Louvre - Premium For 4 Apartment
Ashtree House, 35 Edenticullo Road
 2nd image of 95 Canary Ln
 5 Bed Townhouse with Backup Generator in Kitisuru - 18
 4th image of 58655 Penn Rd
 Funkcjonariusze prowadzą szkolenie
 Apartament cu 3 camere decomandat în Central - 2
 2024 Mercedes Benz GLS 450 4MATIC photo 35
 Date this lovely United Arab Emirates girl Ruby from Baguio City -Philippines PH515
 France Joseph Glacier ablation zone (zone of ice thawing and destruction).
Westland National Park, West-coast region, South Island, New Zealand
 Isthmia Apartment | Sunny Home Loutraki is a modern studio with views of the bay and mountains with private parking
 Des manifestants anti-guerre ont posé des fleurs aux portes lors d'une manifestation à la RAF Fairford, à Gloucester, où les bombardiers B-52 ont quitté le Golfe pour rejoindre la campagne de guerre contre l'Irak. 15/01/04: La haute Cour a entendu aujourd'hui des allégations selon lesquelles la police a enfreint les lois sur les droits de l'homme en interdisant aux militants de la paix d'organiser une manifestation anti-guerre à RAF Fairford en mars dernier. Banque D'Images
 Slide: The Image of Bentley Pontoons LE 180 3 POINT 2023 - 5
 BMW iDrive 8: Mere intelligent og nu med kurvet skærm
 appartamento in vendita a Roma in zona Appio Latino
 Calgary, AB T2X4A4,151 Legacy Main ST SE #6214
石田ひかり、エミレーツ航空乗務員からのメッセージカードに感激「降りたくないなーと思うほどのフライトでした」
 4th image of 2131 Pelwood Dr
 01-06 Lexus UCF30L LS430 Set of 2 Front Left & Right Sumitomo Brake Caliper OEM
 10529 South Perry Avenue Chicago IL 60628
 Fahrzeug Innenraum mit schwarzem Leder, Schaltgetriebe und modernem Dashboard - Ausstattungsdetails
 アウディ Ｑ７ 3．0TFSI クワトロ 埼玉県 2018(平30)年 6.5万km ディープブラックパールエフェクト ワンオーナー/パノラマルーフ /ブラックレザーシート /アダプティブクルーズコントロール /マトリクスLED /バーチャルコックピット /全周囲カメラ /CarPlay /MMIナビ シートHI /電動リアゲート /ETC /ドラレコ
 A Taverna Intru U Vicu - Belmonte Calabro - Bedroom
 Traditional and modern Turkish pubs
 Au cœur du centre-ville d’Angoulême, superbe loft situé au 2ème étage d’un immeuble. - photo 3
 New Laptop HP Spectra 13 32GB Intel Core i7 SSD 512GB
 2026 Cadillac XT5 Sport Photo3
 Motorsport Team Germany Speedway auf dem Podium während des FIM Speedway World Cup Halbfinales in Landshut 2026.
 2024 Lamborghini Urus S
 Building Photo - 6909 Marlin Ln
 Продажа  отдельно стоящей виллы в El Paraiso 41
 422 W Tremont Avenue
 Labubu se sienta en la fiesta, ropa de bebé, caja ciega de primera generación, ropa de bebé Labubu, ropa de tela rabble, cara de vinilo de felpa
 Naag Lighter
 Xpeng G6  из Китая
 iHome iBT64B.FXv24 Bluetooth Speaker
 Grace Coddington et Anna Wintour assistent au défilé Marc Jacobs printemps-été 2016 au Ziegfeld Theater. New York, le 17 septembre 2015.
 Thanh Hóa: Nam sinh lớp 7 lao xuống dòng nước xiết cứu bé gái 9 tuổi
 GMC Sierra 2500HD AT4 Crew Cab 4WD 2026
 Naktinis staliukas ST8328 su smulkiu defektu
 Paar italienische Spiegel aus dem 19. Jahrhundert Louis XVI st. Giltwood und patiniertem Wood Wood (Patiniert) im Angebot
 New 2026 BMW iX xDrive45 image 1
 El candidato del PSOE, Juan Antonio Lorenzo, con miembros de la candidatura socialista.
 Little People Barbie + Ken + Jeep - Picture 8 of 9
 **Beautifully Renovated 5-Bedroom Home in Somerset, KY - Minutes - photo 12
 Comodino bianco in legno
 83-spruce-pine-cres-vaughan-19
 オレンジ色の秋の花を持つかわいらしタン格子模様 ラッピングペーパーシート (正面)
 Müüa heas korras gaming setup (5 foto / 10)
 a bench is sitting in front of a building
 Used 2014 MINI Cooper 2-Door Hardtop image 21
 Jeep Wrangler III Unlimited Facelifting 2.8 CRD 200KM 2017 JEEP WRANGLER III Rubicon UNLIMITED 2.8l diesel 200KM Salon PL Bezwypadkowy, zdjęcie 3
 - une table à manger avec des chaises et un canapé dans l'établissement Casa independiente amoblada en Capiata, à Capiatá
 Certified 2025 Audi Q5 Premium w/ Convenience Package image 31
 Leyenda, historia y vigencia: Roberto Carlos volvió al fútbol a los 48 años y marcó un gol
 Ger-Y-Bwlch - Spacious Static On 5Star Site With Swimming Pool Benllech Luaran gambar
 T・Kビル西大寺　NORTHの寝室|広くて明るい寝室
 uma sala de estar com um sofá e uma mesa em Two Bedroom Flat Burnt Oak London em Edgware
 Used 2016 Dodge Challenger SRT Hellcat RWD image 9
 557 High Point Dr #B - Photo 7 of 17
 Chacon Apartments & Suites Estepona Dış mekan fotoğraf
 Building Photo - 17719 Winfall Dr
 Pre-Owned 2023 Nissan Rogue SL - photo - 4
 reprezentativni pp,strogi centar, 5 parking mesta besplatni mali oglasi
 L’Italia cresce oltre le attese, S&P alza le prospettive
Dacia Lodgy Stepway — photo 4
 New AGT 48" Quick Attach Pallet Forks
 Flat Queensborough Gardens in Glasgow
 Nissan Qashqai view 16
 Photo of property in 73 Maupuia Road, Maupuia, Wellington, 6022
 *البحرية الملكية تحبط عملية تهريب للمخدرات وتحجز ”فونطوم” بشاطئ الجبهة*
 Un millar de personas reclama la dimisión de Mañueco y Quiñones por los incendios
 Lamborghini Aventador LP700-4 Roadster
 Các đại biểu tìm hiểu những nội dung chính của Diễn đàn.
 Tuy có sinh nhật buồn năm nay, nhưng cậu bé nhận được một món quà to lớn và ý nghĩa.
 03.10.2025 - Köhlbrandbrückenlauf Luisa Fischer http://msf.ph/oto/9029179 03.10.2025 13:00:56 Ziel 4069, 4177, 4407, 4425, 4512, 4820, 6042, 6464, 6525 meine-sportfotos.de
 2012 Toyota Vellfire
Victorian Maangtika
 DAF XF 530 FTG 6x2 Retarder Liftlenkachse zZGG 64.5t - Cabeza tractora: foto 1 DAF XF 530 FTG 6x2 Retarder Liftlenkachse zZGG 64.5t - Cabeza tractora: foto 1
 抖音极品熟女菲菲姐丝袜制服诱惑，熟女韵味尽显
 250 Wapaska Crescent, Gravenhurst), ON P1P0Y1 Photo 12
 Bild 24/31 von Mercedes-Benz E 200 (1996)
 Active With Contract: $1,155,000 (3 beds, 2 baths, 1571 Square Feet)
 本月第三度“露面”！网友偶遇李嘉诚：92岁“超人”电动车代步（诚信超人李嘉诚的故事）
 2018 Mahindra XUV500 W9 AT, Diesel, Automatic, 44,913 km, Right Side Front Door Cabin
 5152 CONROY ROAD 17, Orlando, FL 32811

####################

> _PROBLEM_
Only an exact copy of all the data will do as the answer.

> _SOLUTION TO THIS PROBLEM_
Louvre - Premium For 4 Apartment
Ashtree House, 35 Edenticullo Road
 2nd image of 95 Canary Ln
 5 Bed Townhouse with Backup Generator in Kitisuru - 18
 4th image of 58655 Penn Rd
 Funkcjonariusze prowadzą szkolenie
 Apartament cu 3 camere decomandat în Central - 2
 2024 Mercedes Benz GLS 450 4MATIC photo 35
 Date this lovely United Arab Emirates girl Ruby from Baguio City -Philippines PH515
 France Joseph Glacier ablation zone (zone of ice thawing and destruction).
Westland National Park, West-coast region, South Island, New Zealand
 Isthmia Apartment | Sunny Home Loutraki is a modern studio with views of the bay and mountains with private parking
 Des manifestants anti-guerre ont posé des fleurs aux portes lors d'une manifestation à la RAF Fairford, à Gloucester, où les bombardiers B-52 ont quitté le Golfe pour rejoindre la campagne de guerre contre l'Irak. 15/01/04: La haute Cour a entendu aujourd'hui des allégations selon lesquelles la police a enfreint les lois sur les droits de l'homme en interdisant aux militants de la paix d'organiser une manifestation anti-guerre à RAF Fairford en mars dernier. Banque D'Images
 Slide: The Image of Bentley Pontoons LE 180 3 POINT 2023 - 5
 BMW iDrive 8: Mere intelligent og nu med kurvet skærm
 appartamento in vendita a Roma in zona Appio Latino
 Calgary, AB T2X4A4,151 Legacy Main ST SE #6214
石田ひかり、エミレーツ航空乗務員からのメッセージカードに感激「降りたくないなーと思うほどのフライトでした」
 4th image of 2131 Pelwood Dr
 01-06 Lexus UCF30L LS430 Set of 2 Front Left & Right Sumitomo Brake Caliper OEM
 10529 South Perry Avenue Chicago IL 60628
 Fahrzeug Innenraum mit schwarzem Leder, Schaltgetriebe und modernem Dashboard - Ausstattungsdetails
 アウディ Ｑ７ 3．0TFSI クワトロ 埼玉県 2018(平30)年 6.5万km ディープブラックパールエフェクト ワンオーナー/パノラマルーフ /ブラックレザーシート /アダプティブクルーズコントロール /マトリクスLED /バーチャルコックピット /全周囲カメラ /CarPlay /MMIナビ シートHI /電動リアゲート /ETC /ドラレコ
 A Taverna Intru U Vicu - Belmonte Calabro - Bedroom
 Traditional and modern Turkish pubs
 Au cœur du centre-ville d’Angoulême, superbe loft situé au 2ème étage d’un immeuble. - photo 3
 New Laptop HP Spectra 13 32GB Intel Core i7 SSD 512GB
 2026 Cadillac XT5 Sport Photo3
 Motorsport Team Germany Speedway auf dem Podium während des FIM Speedway World Cup Halbfinales in Landshut 2026.
 2024 Lamborghini Urus S
 Building Photo - 6909 Marlin Ln
 Продажа  отдельно стоящей виллы в El Paraiso 41
 422 W Tremont Avenue
 Labubu se sienta en la fiesta, ropa de bebé, caja ciega de primera generación, ropa de bebé Labubu, ropa de tela rabble, cara de vinilo de felpa
 Naag Lighter
 Xpeng G6  из Китая
 iHome iBT64B.FXv24 Bluetooth Speaker
 Grace Coddington et Anna Wintour assistent au défilé Marc Jacobs printemps-été 2016 au Ziegfeld Theater. New York, le 17 septembre 2015.
 Thanh Hóa: Nam sinh lớp 7 lao xuống dòng nước xiết cứu bé gái 9 tuổi
 GMC Sierra 2500HD AT4 Crew Cab 4WD 2026
 Naktinis staliukas ST8328 su smulkiu defektu
 Paar italienische Spiegel aus dem 19. Jahrhundert Louis XVI st. Giltwood und patiniertem Wood Wood (Patiniert) im Angebot
 New 2026 BMW iX xDrive45 image 1
 El candidato del PSOE, Juan Antonio Lorenzo, con miembros de la candidatura socialista.
 Little People Barbie + Ken + Jeep - Picture 8 of 9
 **Beautifully Renovated 5-Bedroom Home in Somerset, KY - Minutes - photo 12
 Comodino bianco in legno
 83-spruce-pine-cres-vaughan-19
 オレンジ色の秋の花を持つかわいらしタン格子模様 ラッピングペーパーシート (正面)
 Müüa heas korras gaming setup (5 foto / 10)
 a bench is sitting in front of a building
 Used 2014 MINI Cooper 2-Door Hardtop image 21
 Jeep Wrangler III Unlimited Facelifting 2.8 CRD 200KM 2017 JEEP WRANGLER III Rubicon UNLIMITED 2.8l diesel 200KM Salon PL Bezwypadkowy, zdjęcie 3
 - une table à manger avec des chaises et un canapé dans l'établissement Casa independiente amoblada en Capiata, à Capiatá
 Certified 2025 Audi Q5 Premium w/ Convenience Package image 31
 Leyenda, historia y vigencia: Roberto Carlos volvió al fútbol a los 48 años y marcó un gol
 Ger-Y-Bwlch - Spacious Static On 5Star Site With Swimming Pool Benllech Luaran gambar
 T・Kビル西大寺　NORTHの寝室|広くて明るい寝室
 uma sala de estar com um sofá e uma mesa em Two Bedroom Flat Burnt Oak London em Edgware
 Used 2016 Dodge Challenger SRT Hellcat RWD image 9
 557 High Point Dr #B - Photo 7 of 17
 Chacon Apartments & Suites Estepona Dış mekan fotoğraf
 Building Photo - 17719 Winfall Dr
 Pre-Owned 2023 Nissan Rogue SL - photo - 4
 reprezentativni pp,strogi centar, 5 parking mesta besplatni mali oglasi
 L’Italia cresce oltre le attese, S&P alza le prospettive
Dacia Lodgy Stepway — photo 4
 New AGT 48" Quick Attach Pallet Forks
 Flat Queensborough Gardens in Glasgow
 Nissan Qashqai view 16
 Photo of property in 73 Maupuia Road, Maupuia, Wellington, 6022
 *البحرية الملكية تحبط عملية تهريب للمخدرات وتحجز ”فونطوم” بشاطئ الجبهة*
 Un millar de personas reclama la dimisión de Mañueco y Quiñones por los incendios
 Lamborghini Aventador LP700-4 Roadster
 Các đại biểu tìm hiểu những nội dung chính của Diễn đàn.
 Tuy có sinh nhật buồn năm nay, nhưng cậu bé nhận được một món quà to lớn và ý nghĩa.
 03.10.2025 - Köhlbrandbrückenlauf Luisa Fischer http://msf.ph/oto/9029179 03.10.2025 13:00:56 Ziel 4069, 4177, 4407, 4425, 4512, 4820, 6042, 6464, 6525 meine-sportfotos.de
 2012 Toyota Vellfire
Victorian Maangtika
 DAF XF 530 FTG 6x2 Retarder Liftlenkachse zZGG 64.5t - Cabeza tractora: foto 1 DAF XF 530 FTG 6x2 Retarder Liftlenkachse zZGG 64.5t - Cabeza tractora: foto 1
 抖音极品熟女菲菲姐丝袜制服诱惑，熟女韵味尽显
 250 Wapaska Crescent, Gravenhurst), ON P1P0Y1 Photo 12
 Bild 24/31 von Mercedes-Benz E 200 (1996)
 Active With Contract: $1,155,000 (3 beds, 2 baths, 1571 Square Feet)
 本月第三度“露面”！网友偶遇李嘉诚：92岁“超人”电动车代步（诚信超人李嘉诚的故事）
 2018 Mahindra XUV500 W9 AT, Diesel, Automatic, 44,913 km, Right Side Front Door Cabin
 5152 CONROY ROAD 17, Orlando, FL 32811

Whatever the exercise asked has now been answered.